As the BBC notes, most Uruguayans appear to have disagreed with the Mujica plan to assimilate Syrians displaced by the Civil War that has raged for four years in their home country. While Mujica initially received international praise for his decision to accept the refugees, easing pressure on neighboring countries like Lebanon and Turkey, cultural issues appeared to rapidly complicate the adjustments the Syrians brought to Montevideo had to make. In February, the government of Uruguay reported that they would no longer accept male Syrian refugees— only women and children– due to a surge in domestic violence in those communities incompatible with Uruguayan custom. “Simply: in Uruguay, we are not willing to remain with our arms crossed if men hit women,” then-President Mujica said of the policy change.

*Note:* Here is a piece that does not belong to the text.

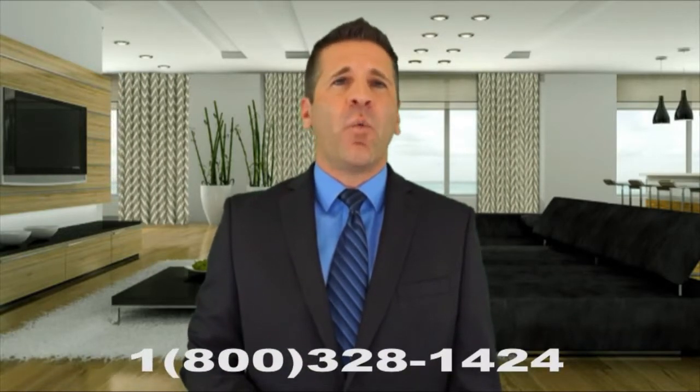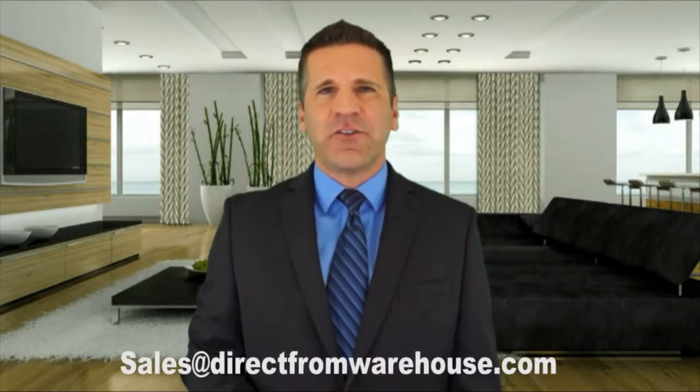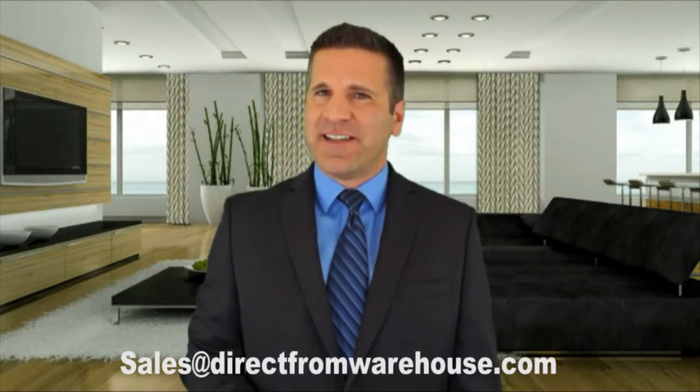Saria ST101 tracks are available in 110 and 220 voltage. Call our toll-free number 1-800-328-1424 or email us at sales@directfromwarehouse.com.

Accepting Syrian refugees legally also appears to have led to an increase in attempts at entering Uruguay illegally, with Montevideo arresting numerous groups of people believed to be Syrian refugees trying to enter the country using falsified Israeli passports.
The challenge to push Syrian refugees to adjust to life in South America has been dwarfed by the problems faced in accommodating the six men living in Montevideo after being held in Guantánamo Bay for ties to Al Qaeda. The government has stated publicly that the men appear to be struggling to learn the language and find jobs, and neighbors of the six have reported to authorities on multiple occasions loud “political and religious” disputes that disturb the community.
In a profile by the Washington Post, one of the prisoners tells the newspaper that he “feels the promises made to him have been betrayed. He wants his own house, his family brought from Syria, enough money to live with dignity and start a business,” despite the regular stipend from the Uruguayan government, which he has rejected, hoping the lack of money will trigger a hunger strike after he can no longer afford to buy food. This attitude has frustrated Uruguayan government officials and unions trying to help the group alike, with the executive secretary of one union telling the Post: “They’re like 5-year-old kids… These people have to learn to live with their liberty.”